I’m going to take up vaping because I am tired of people taking me seriously.
Me: so you know how people just throw away dog poop?
Her: I already hate where this is going
Me: I’m gonna collect it and sell it as fertilizer. I’m gonna be an—
Her: *softly* no
Me: entre-manure
Her: I’m staying with my sister
Crypto is over. This is the year of cryptic currency. Pay for your groceries with a mumbled prophecy and a cursed stone.
Joined WhateverCupid™️ and matched with a woman who said we should meet for coffee if I wanted to and if not that was also cool. No photo. She said to look for a woman slouched in the corner wearing sweats. It went ok. I asked if we should meet again and she said whatever.
My wife just told me 11 more things I do wrong after she said she wasn’t talking to me anymore.
While everyone is busy complaining about their tweets being stolen & put on Facebook, I’ve quietly become the funniest person on MySpace!
I’m in pretty good shape for a grown man who believes the multivitamin I take every morning cancels out all the gas station food I eat.
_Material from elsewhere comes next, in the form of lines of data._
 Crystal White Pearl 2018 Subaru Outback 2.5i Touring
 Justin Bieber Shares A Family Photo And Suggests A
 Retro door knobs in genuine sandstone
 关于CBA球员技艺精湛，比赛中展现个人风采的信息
I was selling ad spots in a low budget print magazine. A dude sent an animated gif. I explained it’s printed. “So?” It won’t animate… “why not?” It’s on paper. “So?”
you: ant-man
me, an intellectual: uncle
If by “drink responsibly” you mean “buy the booze that’s on sale” then yes, I drink responsibly.
I need a personal trainer to be in charge of how I exercise because I’m in charge of how I eat and look how that turned out.
Parents, raise your kids well, or they grow up to be like your coworkers.